Ese reconocimiento convive con una advertencia que la industria repite hace meses. Según cifras de ANIM, entre 2018 y 2025 se vendieron 297.843 motocicletas en el país, el 87% de ellas motos de calle, mientras el número de escuelas certificadas para enseñar a conducirlas se mantiene en apenas dos, ambas ubicadas en Santiago. La comparación con el mundo del automóvil resulta elocuente: Chile cuenta con más de 650 escuelas de conducción acreditadas por CONASET para vehículos livianos, frente a esas dos únicas opciones legales para motocicletas.

“Que un organismo regional reconozca a Chile como un país con altos estándares de evaluación confirma que vamos por la dirección correcta en exigencia, pero también nos obliga a mirar la otra mitad de la ecuación. De nada sirve tener el examen más riguroso de la región si quien se presenta a darlo no tuvo dónde prepararse antes”, planteó Cristián Reitze, presidente ejecutivo de ANIM.

Alejandra Álvarez, primera mujer acreditada en Chile como instructora de motos y directora de Women Riders Chile, pone rostro a esa brecha desde el otro lado del circuito de práctica. Para ella, el problema no es la falta de instructores capacitados, sino un proceso de certificación que describe como lento, costoso y con criterios poco uniformes entre municipios, capaz de extenderse por meses antes de que un nuevo centro pueda abrir sus puertas.

escuelas de conducción para motos en Chile

¿Qué frena la apertura de nuevas escuelas de conducción para motos?

Parte de la respuesta está en un detalle regulatorio: se exigen seguros de responsabilidad civil de hasta 1.000 UF por vehículo, un requisito pensado originalmente para licencias profesionales de camiones o buses y que, según la industria, no se ajusta a la instrucción práctica en recintos cerrados para motocicletas.

A eso se suma que, a diferencia de Colombia o Ecuador, donde la formación certificada es obligatoria por ley, en Chile asistir a una escuela de manejo sigue siendo optativo. El resultado es un filtro real de acceso a la licencia que combina examen riguroso, formación voluntaria y escasez de escuelas fuera de la Región Metropolitana, algo que la propia industria identifica como el verdadero cuello de botella para que más motociclistas lleguen preparados a la evaluación.

El camino hacia una licencia segmentada

El Plan Nacional de Motocicletas 2024-2029 ya contempla incentivar la asistencia a escuelas de conducción y avanzar hacia una licencia segmentada, en línea con modelos como el europeo (A1/A2/A) o el australiano (LAMS), que ningún país de la región ha implementado todavía.

Para ANIM, ese es el paso pendiente: sostener con la misma exigencia que ya exhibe el examen una red de formación a la altura del estándar que el resto de Latinoamérica observa como referencia.
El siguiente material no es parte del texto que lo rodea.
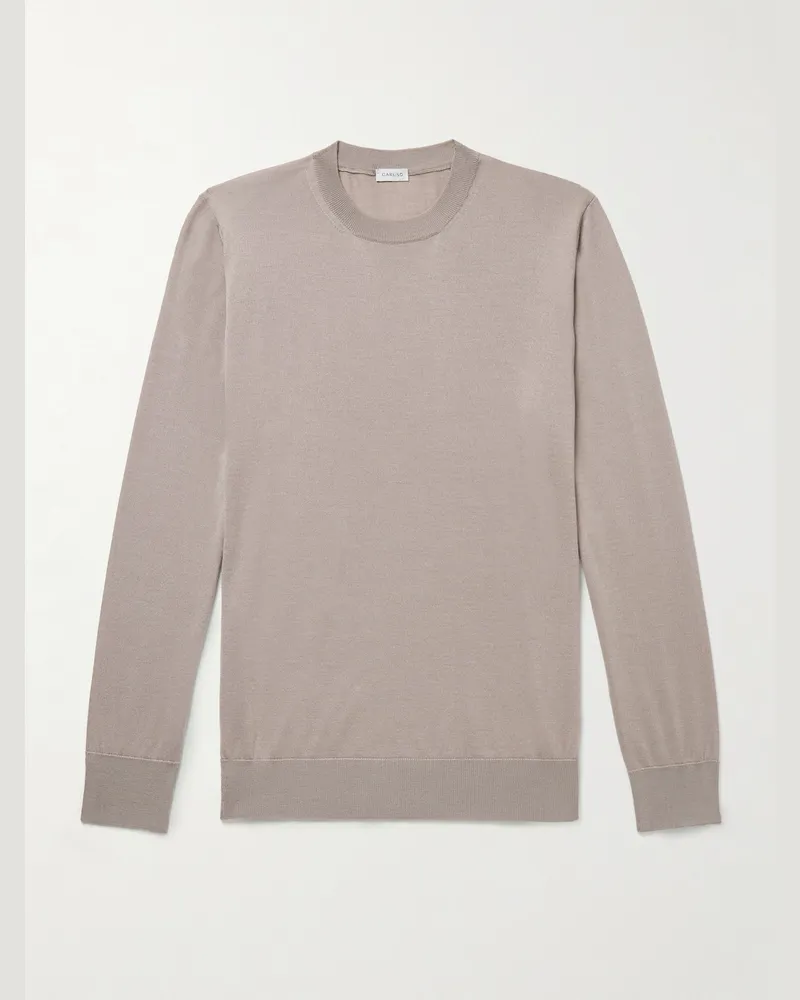 Caruso Pullover aus einer Mischung aus Wolle, Seide und Kaschmir Neutral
El reconocimiento internacional, plantea el gremio, debería servir para destrabar las barreras regulatorias que hoy dificultan la apertura de nuevos centros, en particular fuera de Santiago.

La pregunta que queda abierta no es si Chile sabe evaluar a sus motociclistas, sino si les está dando, antes del examen, un lugar real donde aprender a serlo.

Preguntas frecuentes

¿Cuántas escuelas certificadas para motociclistas hay en Chile? Solo dos, ambas en Santiago, según ANIM, pese a que se vendieron cerca de 300 mil motocicletas entre 2018 y 2025.

¿Desde cuándo existe el examen práctico estandarizado para la licencia clase C? Desde 2023, diseñado por CONASET, con maniobras obligatorias en circuito cerrado y criterios objetivos de reprobación.

¿Es obligatorio asistir a una escuela de conducción para motos en Chile? No. A diferencia de Colombia o Ecuador, en Chile la formación certificada sigue siendo optativa antes de rendir el examen.